The U.K. economy might have shown robust growth this year but it's not immune to a slowdown in Europe's largest economies Germany and France, John Cridland, Director-General of the Confederation of British Industry (CBI) told CNBC.
"I'm more worried than I've been for a long time about the euro zone," the head of the business lobbying organization said in an interview with CNBC. "I think slowing of growth particularly in Germany, and the lack of reform particularly in France are a risk to European growth and therefore to British growth," he warned.
"The British economy is flying. I don't see at the moment that those headwinds are slowing us down. But I'd like to avoid those headwinds slowing us down," he added.
The U.K. economy has seen robust growth over the last year when compared to its euro zone counterparts, although output slowed slightly in the third quarter. Britain's gross domestic product (GDP) expanded by 0.7 percent in the three months to September from the previous quarter, the Office for National Statistics said in late October. Year-on-year, the economy grew 3 percent, with both figures meeting analyst expectations.
Read more: Britain's GDP growthslows in third quarter
In the euro zone it's a different matter, however, with the single currency region stagnating in the second quarter. Most worrying has been the loss of momentum in the region's largest economy Germany, the growth driver for the rest of the euro zone.
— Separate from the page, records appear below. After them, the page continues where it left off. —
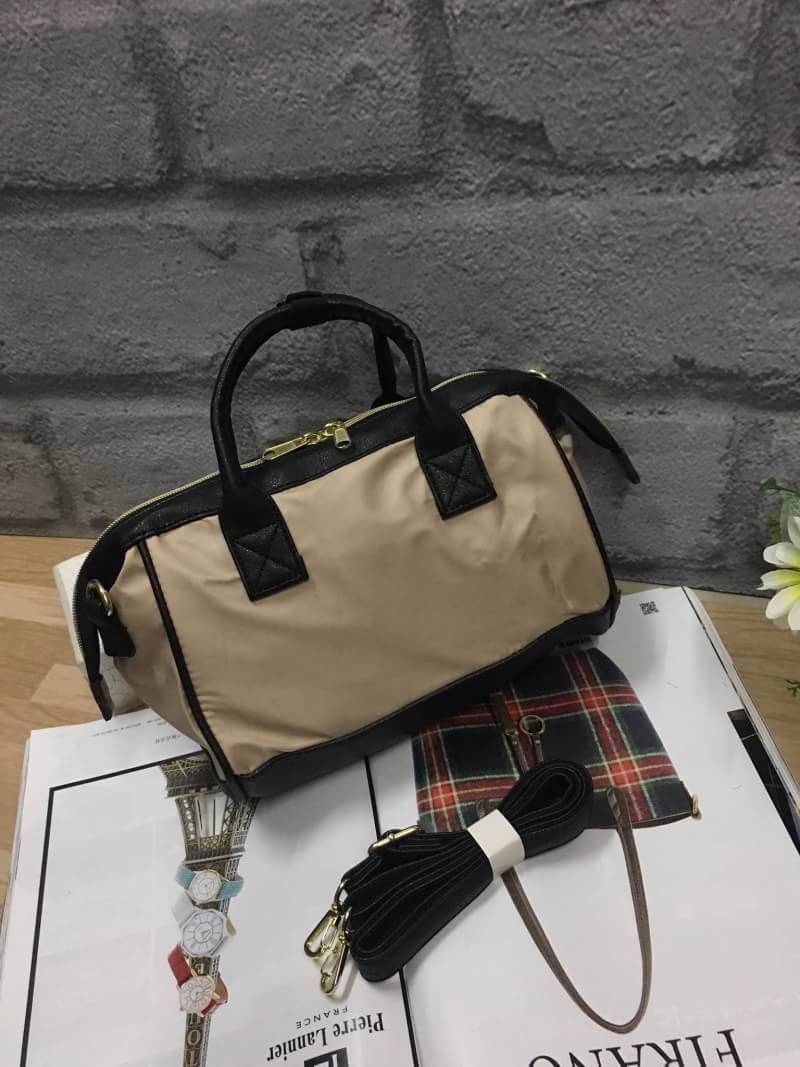 ANELLO NYLON 2 WAY MINI BOSTON BAG 2017 แบรนด์ฮิตติดลมบนในขณะนี้ กับคอลเลคชั่นใหม่เป็นรุ่นทรงShoulder bag วัสดุNYLON สลับกับ Pu น้ำหนักเบา กันน้ำได้ ช่องใหญ่เปิดปิดด้วยซิปคู่ ปากกระเป๋ามีโครงสะดวกใช้ ดูแลรักษาง่าย ตัวจริงน่าใช้ทุกสีเลยคะ เป็นรุ่นใหม่อีกรุ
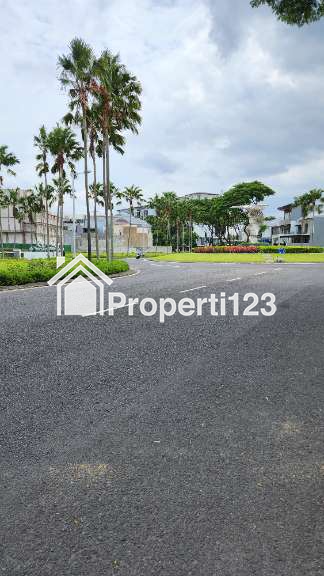 MURAH LUAS Dijual Rumah Royal Residence Rosenburg RAYA Luar Cluster - Row Jalan LEBAR 6 Mobil - 14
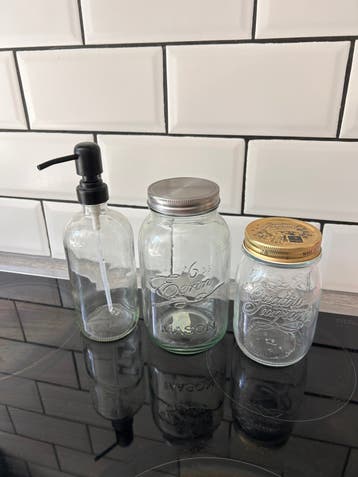Glazen zeepdispenser en potten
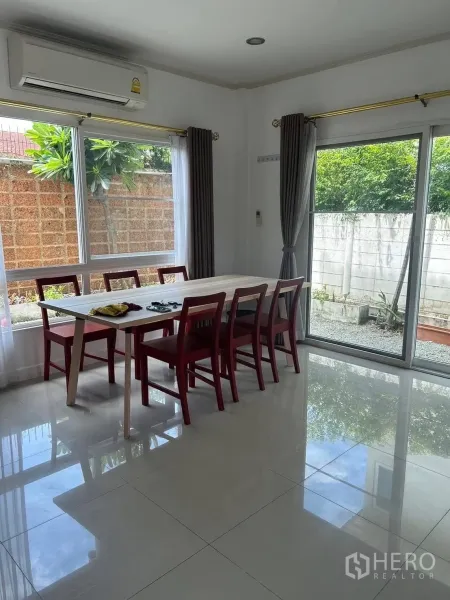 Detached House for rent or sale in Bang Phli, Samut Prakan - Dining area with six-seat table, air conditioning and floor-to-ceiling windows.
Flash third quarter GDP data is due on Thursday and if a continued slowdown is seen, the European Central Bank will be under more pressure to aggressively stimulate the economy, although it has so far not launched a full-blown quantitative easing (QE) program like that seen in the U.S.
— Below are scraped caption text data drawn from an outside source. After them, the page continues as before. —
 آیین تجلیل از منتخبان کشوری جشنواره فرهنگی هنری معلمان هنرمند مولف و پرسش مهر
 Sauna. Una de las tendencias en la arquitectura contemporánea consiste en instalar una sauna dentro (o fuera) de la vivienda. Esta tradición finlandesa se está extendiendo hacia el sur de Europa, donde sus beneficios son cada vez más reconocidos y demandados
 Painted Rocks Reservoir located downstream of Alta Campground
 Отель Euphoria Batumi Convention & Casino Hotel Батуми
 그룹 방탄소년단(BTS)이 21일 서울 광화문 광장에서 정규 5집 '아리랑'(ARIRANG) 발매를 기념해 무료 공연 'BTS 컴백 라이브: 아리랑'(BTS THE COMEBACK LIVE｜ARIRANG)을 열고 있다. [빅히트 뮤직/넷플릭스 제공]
Cridland said Germany needed to reflate its economy by investing in infrastructure and France needed "to move faster on structural reforms in its labor markets and in its pension system"
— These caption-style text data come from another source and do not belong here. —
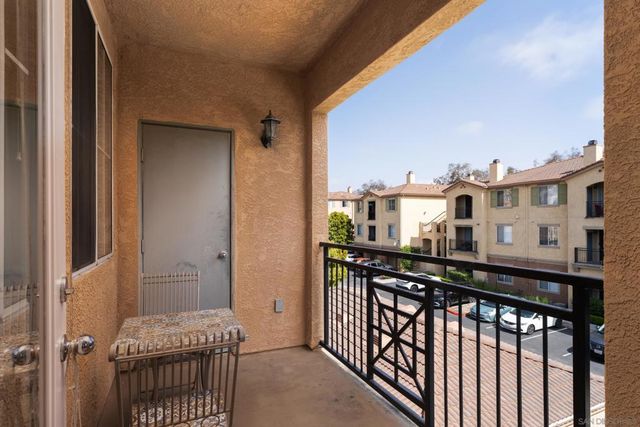 3825 Elijah Ct 332, San Diego, CA 92130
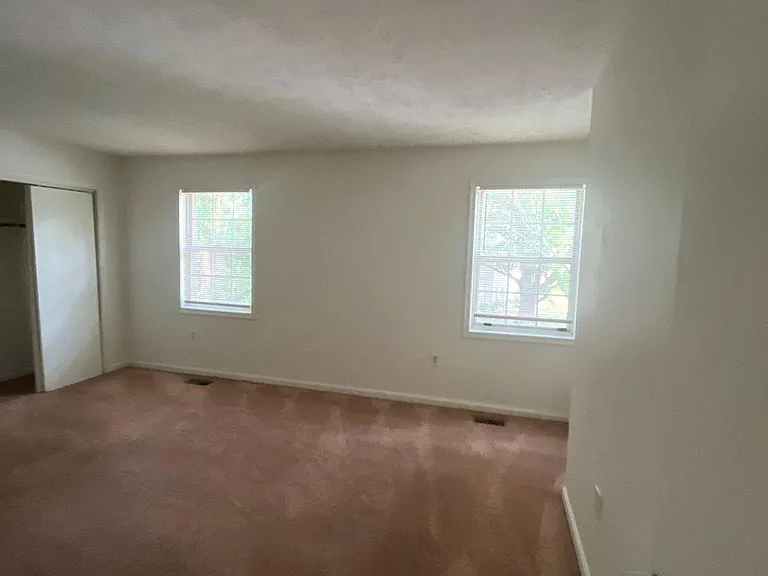 12809 Cheval Ct — Photo 15
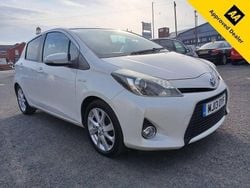 White Used 2013 Toyota Yaris Hybrid Hatchback | £8,995 (A bit pricey)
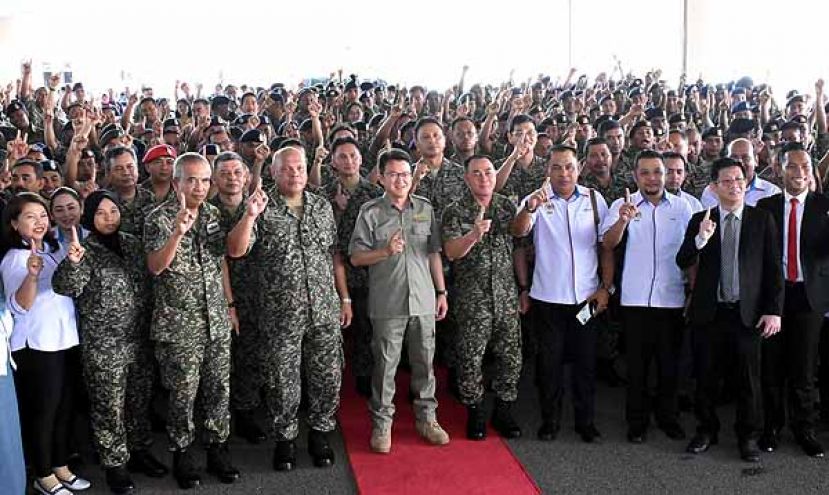 图示：马来西亚国防部副部长刘镇东(中)巡视摩拉端军营时和军人大合照。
"If those two euro zone economies take action, then I think the European Central Bank will need to be able to take action to buy government bonds, to go for full quantitative easing. In that way, European growth will not stall, and the British economy will continue to fly."
Cridland's comments come as the CBI launched a report which the CBI is presenting at its annual conference on Monday. The report called on the British government to offer immediate help to boost living standards for low income and working families.
It said the government could do this by raising the threshold at which National Insurance contributions are made (payments by workers and employers towards state benefits) and by offering free childcare to one- and two-year olds.
The CBI also outlined a package of measures to raise pay sustainability. These include a business focus on raising productivity to boost pay; better routes into higher-skilled paid work and measures to ensure young people don't fall behind in school.
Cridland said that the best way to generate more tax revenues was through lower tax rates. "All the evidence shows if you cut tax rates, you produce a more entrepreneurial economy. The more people who earn more money, the more tax they will eventually pay, even if tax rates are lower. So we need a pro-enterprise economy, but at the end of the day we need to invest to save.
Although spending cuts are necessary to tackle the British deficit, Cridland said, "you can't just cut and slash." "You need to invest for growth, and you need to make sure that the benefits of growth reach everyone in society."